---- Working data

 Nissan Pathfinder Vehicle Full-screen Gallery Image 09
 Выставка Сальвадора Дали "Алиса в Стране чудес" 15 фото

--------
---- Working data

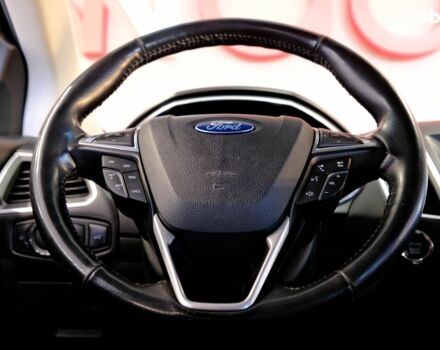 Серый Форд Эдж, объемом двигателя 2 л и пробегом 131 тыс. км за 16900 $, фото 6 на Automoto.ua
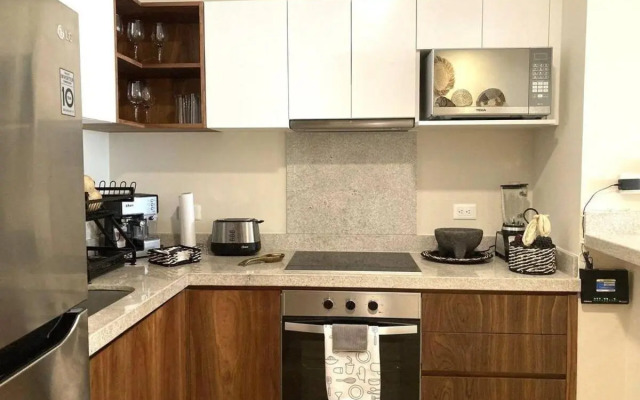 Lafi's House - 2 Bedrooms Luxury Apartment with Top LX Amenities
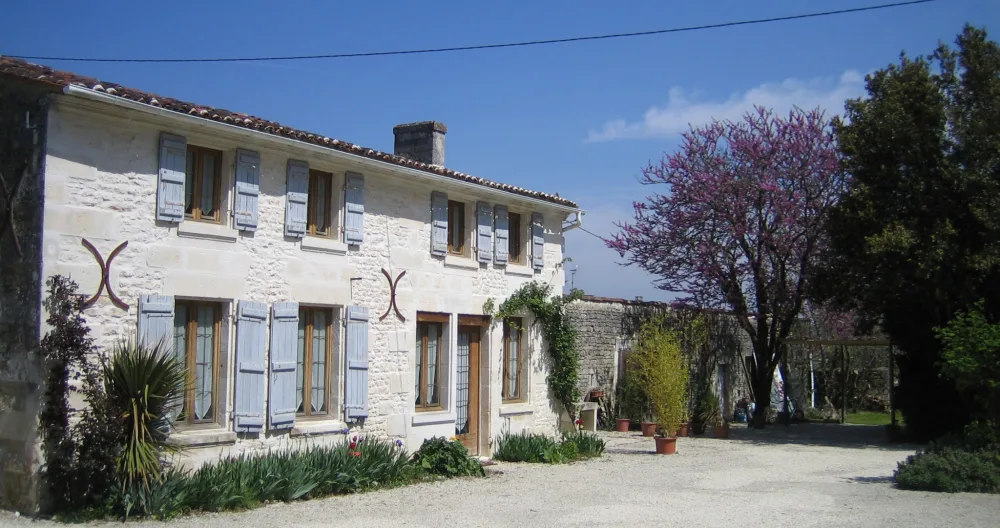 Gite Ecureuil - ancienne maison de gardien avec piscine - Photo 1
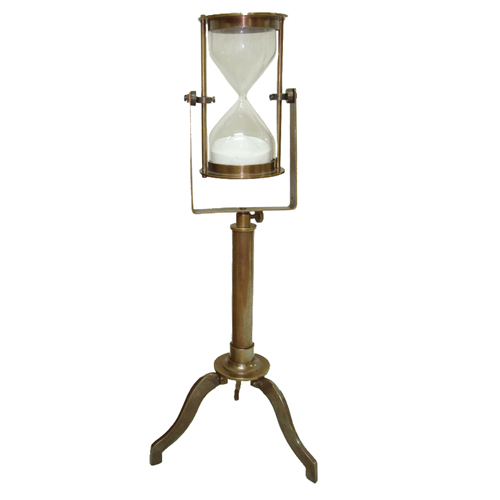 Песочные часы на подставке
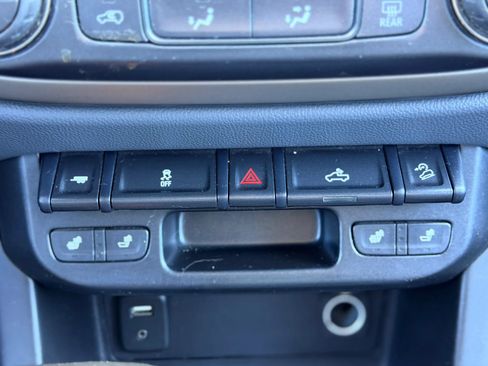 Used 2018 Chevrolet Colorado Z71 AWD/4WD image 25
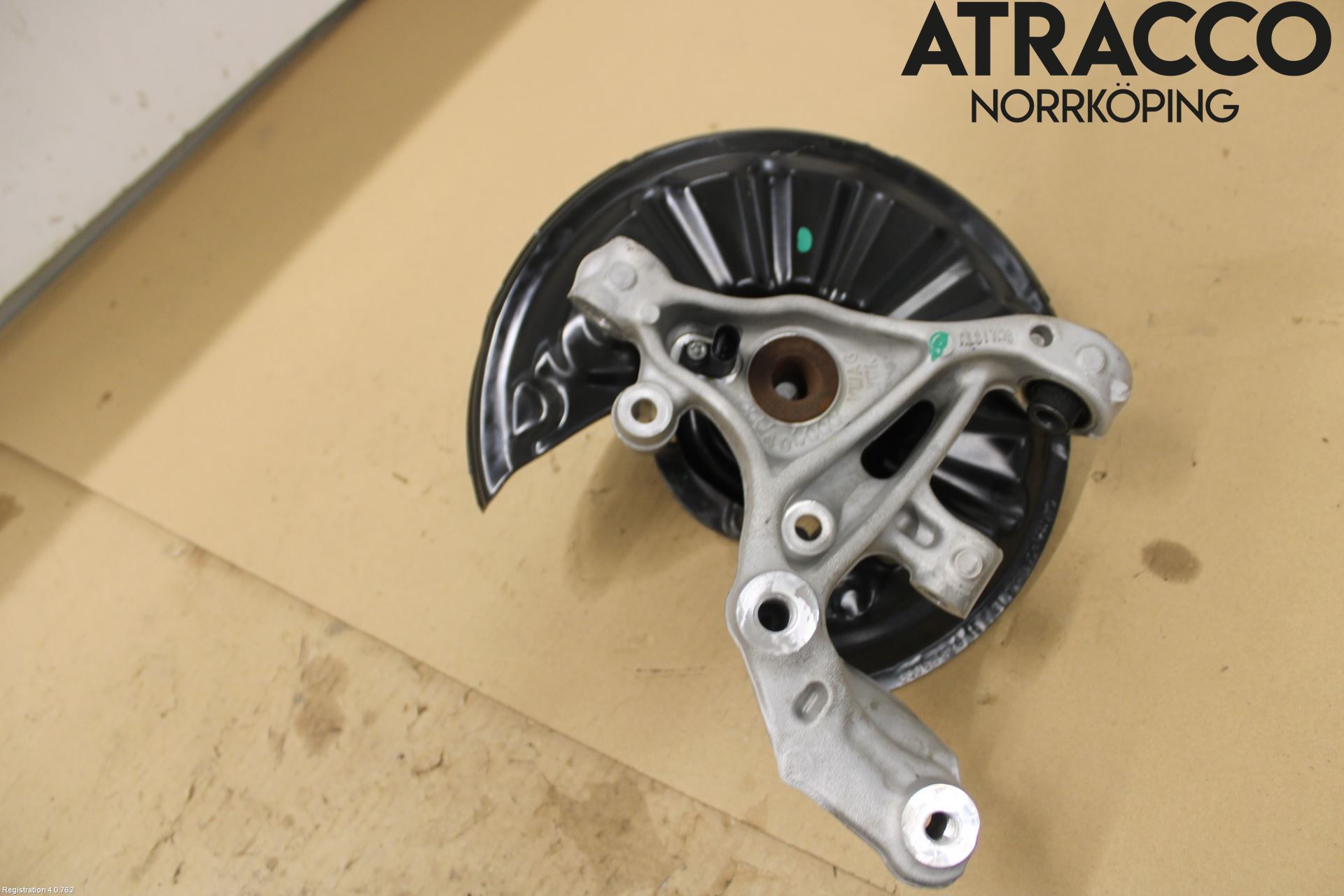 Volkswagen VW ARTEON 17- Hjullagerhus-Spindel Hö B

--------

Write back word for word every line in the entries above from the one with "Серый Форд Эдж, объемом" to the one with "Used 2018 Chevrolet", ends included, and none of the pictures.

 Серый Форд Эдж, объемом двигателя 2 л и пробегом 131 тыс. км за 16900 $, фото 6 на Automoto.ua
 Lafi's House - 2 Bedrooms Luxury Apartment with Top LX Amenities
 Gite Ecureuil - ancienne maison de gardien avec piscine - Photo 1
 Песочные часы на подставке
 Used 2018 Chevrolet Colorado Z71 AWD/4WD image 25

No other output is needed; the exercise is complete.